Wisconsin mother sues youth football league over son’s suicide

(Reuters) – A Wisconsin mother filed a $5-million lawsuit against the Pop Warner youth football organization on Thursday, blaming it for her son’s suicide after years of playing the “combat sport.”

The suit comes amid scrutiny and continuing litigation over the effects of repeated blows to the head in American football, and the potential for such injuries to contribute to depression and other mental health problems among players.

Debra Pyka filed the complaint against Pop Warner Little Scholars and its liability insurer in a federal Wisconsin court. Pyka said her son, Joseph Chernach, hanged himself at the age of 25, after developing brain diseases from playing in the league as a youth.

“Tackle football with helmets is a war game. It is not only a ‘contact’ sport, it is a ‘combat’ sport,” the complaint said. “Joseph Chernach’s suicide was the natural and probable consequence of the injuries he suffered playing Pop Warner football.”

Representatives for the Langhorne, Pennsylvania-based body did not immediately respond to requests for comment.

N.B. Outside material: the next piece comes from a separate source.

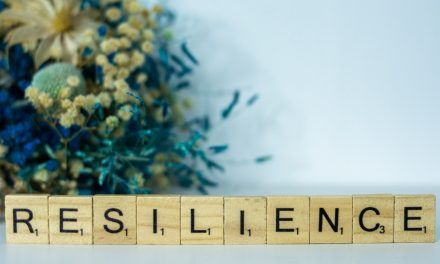 3 PRÁCTICAS QUE DISTINGUEN A LOS EQUIPOS RESILIENTES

The suit said Chernach played in the league for four years, starting as an 11-year-old, and suffered concussions that were not diagnosed at the time. The suit said he developed dementia pugilistica, also known as chronic traumatic encephalopathy, and post-concussion syndrome.

He performed well in school for years until he became a sophomore at Central Michigan University, the suit said, at which point the cumulative brain damage began to affect his thinking and mood.

“From that point on, his mood became progressively depressed and ultimately paranoid, distrusting his closest friends and family,” the complaint said.

He hanged himself in his mother’s shed in June 2012, according to the complaint. The family only learnt of his brain injuries when they got an autopsy report the following year.

Pyka is seeking at least $5 million for his wrongful death.

In 2012, the league tightened safety regulations to better protect players from concussions and other head injuries, according to media reports.

On Monday, a federal judge rejected a settlement between the National Football League and thousands of retired players who sued over concussions and neurological impairments, saying the accord should be expanded to provide payment eligibility for additional players and families.